D’un seul mot de commande, l’attelage de onze chiens huskys de Robin Côté s’élance dans le sentier recouvert d’une épaisse couche de neige poudreuse. «Il faut tracer la voie», annonce le musher. Pedro, le chien de tête, bondit et entraîne ses compagnons toujours plus en avant. Ils en ont jusqu’au poitrail. Avec de fortes rafales de vent, la température frôle les -30°C, mais Robin a l’habitude des froids rigoureux de l’hiver. En fait, rarement se sent-il aussi libre qu’en ce moment.
Les traîneaux s’engagent sur l’étendue gelée de la Péribonka, un des principaux affluents du lac Saint-Jean. Les aboiements des chiens des attelages derrière se perdent dans l’immensité du blanc paysage. «Sans plusieurs années d’entraînement, je ne réussirais pas à ouvrir avec mes chiens un chemin dans un demi-mètre de neige ni parcourir des dizaines de kilomètres par jour. Ils m’apportent tout ce que je leur ai donné», confie Robin Côté. La force des bêtes est surprenante. Bien entraîné, un husky adulte peut tirer l’équivalent de son propre poids pendant dix heures. Une véritable performance d’athlète!
Cheville ouvrière de la conquête des deux pôles, le chien de traîneau, qu’il soit un husky sibérien, un croisé alaskan, un samoyède ou un groenlandais, a permis à l’homme des régions nordiques de survivre dans un milieu aux conditions hostiles. Pas étonnant que la complicité entre le musher et sa meute soit si forte.
Autrefois appelés les «marcheurs» pour la commande «marche» qu’ils ordonnaient à leurs bêtes, les mushers sont derrière la ruée vers l’or au Yukon et en Alaska.

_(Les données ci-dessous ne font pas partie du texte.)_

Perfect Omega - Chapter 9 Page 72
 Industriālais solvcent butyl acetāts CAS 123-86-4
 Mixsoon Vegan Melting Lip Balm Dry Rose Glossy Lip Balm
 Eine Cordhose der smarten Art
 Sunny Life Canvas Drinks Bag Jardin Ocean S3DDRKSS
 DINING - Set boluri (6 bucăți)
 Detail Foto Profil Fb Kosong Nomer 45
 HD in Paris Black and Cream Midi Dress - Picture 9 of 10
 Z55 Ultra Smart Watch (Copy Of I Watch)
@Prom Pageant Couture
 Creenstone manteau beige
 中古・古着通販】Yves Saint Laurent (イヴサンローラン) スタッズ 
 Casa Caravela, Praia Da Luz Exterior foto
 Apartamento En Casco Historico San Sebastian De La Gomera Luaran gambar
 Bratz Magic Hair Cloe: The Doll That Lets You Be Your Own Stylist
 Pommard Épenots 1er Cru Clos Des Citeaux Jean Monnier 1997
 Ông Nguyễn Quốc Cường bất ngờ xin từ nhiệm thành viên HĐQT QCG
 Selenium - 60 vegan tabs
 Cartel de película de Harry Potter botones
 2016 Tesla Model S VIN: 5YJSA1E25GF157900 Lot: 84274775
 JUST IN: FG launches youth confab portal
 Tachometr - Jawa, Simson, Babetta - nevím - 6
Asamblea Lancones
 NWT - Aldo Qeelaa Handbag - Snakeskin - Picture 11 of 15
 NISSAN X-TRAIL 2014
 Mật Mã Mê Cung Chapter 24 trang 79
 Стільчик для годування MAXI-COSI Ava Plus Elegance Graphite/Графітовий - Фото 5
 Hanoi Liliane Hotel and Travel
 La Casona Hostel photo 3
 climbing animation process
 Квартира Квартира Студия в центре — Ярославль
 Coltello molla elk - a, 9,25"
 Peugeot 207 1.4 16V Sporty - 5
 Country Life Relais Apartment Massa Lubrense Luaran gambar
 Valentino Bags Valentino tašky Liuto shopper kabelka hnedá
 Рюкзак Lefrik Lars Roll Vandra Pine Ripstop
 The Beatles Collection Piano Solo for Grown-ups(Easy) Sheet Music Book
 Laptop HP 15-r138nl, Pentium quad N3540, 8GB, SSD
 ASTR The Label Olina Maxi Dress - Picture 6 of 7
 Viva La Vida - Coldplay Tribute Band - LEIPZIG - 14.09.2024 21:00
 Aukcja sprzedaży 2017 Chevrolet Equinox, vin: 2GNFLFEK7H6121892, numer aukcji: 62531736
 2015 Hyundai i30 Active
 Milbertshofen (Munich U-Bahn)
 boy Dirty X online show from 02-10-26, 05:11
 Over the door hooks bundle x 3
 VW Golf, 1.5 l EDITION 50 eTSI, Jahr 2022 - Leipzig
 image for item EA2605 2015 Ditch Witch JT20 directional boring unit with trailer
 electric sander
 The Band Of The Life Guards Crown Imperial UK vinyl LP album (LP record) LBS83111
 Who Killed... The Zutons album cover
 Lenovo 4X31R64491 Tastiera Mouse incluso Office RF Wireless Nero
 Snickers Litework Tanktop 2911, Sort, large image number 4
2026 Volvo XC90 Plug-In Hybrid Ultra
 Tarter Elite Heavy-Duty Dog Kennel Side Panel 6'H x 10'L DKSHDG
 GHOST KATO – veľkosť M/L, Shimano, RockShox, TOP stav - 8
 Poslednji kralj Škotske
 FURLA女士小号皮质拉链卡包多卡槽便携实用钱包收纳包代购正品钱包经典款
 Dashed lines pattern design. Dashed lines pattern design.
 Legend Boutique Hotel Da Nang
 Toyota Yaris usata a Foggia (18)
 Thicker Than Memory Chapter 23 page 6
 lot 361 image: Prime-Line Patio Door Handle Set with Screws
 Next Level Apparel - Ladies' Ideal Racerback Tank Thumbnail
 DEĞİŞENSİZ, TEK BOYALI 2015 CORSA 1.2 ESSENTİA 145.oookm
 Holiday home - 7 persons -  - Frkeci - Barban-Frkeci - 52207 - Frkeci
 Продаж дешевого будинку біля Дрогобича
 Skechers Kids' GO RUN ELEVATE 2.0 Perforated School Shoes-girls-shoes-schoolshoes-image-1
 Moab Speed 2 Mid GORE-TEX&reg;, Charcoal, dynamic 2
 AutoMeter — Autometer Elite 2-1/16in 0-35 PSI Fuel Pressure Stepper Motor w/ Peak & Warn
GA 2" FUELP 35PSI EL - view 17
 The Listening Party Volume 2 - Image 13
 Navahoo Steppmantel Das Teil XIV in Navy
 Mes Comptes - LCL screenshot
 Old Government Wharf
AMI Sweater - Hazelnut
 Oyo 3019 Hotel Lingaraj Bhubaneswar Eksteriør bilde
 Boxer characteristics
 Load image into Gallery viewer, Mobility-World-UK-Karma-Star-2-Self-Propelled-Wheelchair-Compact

Au Québec, environ 1000 mushers élèvent leur meute, construisent leur chenil et fabriquent leur propre traîneau avec la patience d’un vigneron.Certains accueillent les touristes pour une randonnée ou se dédient à la course. D’autres cultivent leur goût pour l’expédition. Mathieu Gagné est un digne représentant de cette race d’aventuriers. Le fait que son grand-père fut coureur des bois n’y est peut-être pas étranger. Chaque hiver, sa meute et lui parcourent entre 2000 et 3000km sur les vieux sentiers forestiers qui quadrillent la forêt boréale. Opérateur de machinerie lourde durant l’été, l’éleveur et père de famille a décidé de ne pas travailler l’hiver pour effectuer le plus de randonnées possible. «J’ai fait le choix d’être un peu moins riche pour vivre ma passion jusqu’au bout», explique-t-il.
L’année dernière, Mathieu, Robin et un troisième compagnon sont partis pour une expédition de 1000km en 18 jours dans l’immense forêt boréale. Une telle équipée demande une préparation minutieuse où chaque détail compte, à commencer par la nourriture des chiens. Un chien adulte de 60 livres consomme 3 livres de viande par jour.
Les mushers du Club Jeannois, duquel font partie Mathieu et Robin, accordent une grande importance à l’entraînement des chiens. Dès sa naissance, le chiot est habitué à la présence de la meute et du maître. À trois mois, il tire seul son premier traîneau sur une distance de 500m. Puis, le musher l’amène à confronter tous les types de sentiers et de conditions météorologiques. Les éleveurs de chiens de traîneaux sont à la fois dépisteurs, soigneurs et coachs de leur équipe.
Après trois heures de randonnée à travers les pinèdes enneigées, les randonneurs marquent une pause dans un abri pour se réchauffer près du poêle que l’on s’empresse d’allumer. Rapidement, le bon feu, la soupe fumante, les blagues des camarades habitués au grand air finissent par dérober un sourire aux mushers qui ont éprouvé plus de mal avec leurs chiens. Les éleveurs s’échangent quelques conseils avant de repartir dans la forêt silencieuse.
En fin de journée, les traîneaux franchissent de nouveau la Péribonka sous un magnifique coucher de soleil. La randonnée se termine à la brunante. Les mushers démontent l’attelage sous les phares des camionnettes. Malgré la fatigue et le mercure qui descend toujours, un sourire illumine le visage des éleveurs: leurs chiens ont bien travaillé.
Un musher du village de l’Ascension, Richard Harvey, reçoit tout le groupe à souper. La fameuse tourtière du Lac satisfait les appétits de loup. Les anecdotes, les taquineries, les éclats de rire fusent de partout. Une autre belle journée vient de se terminer pour les maîtres de la forêt boréale.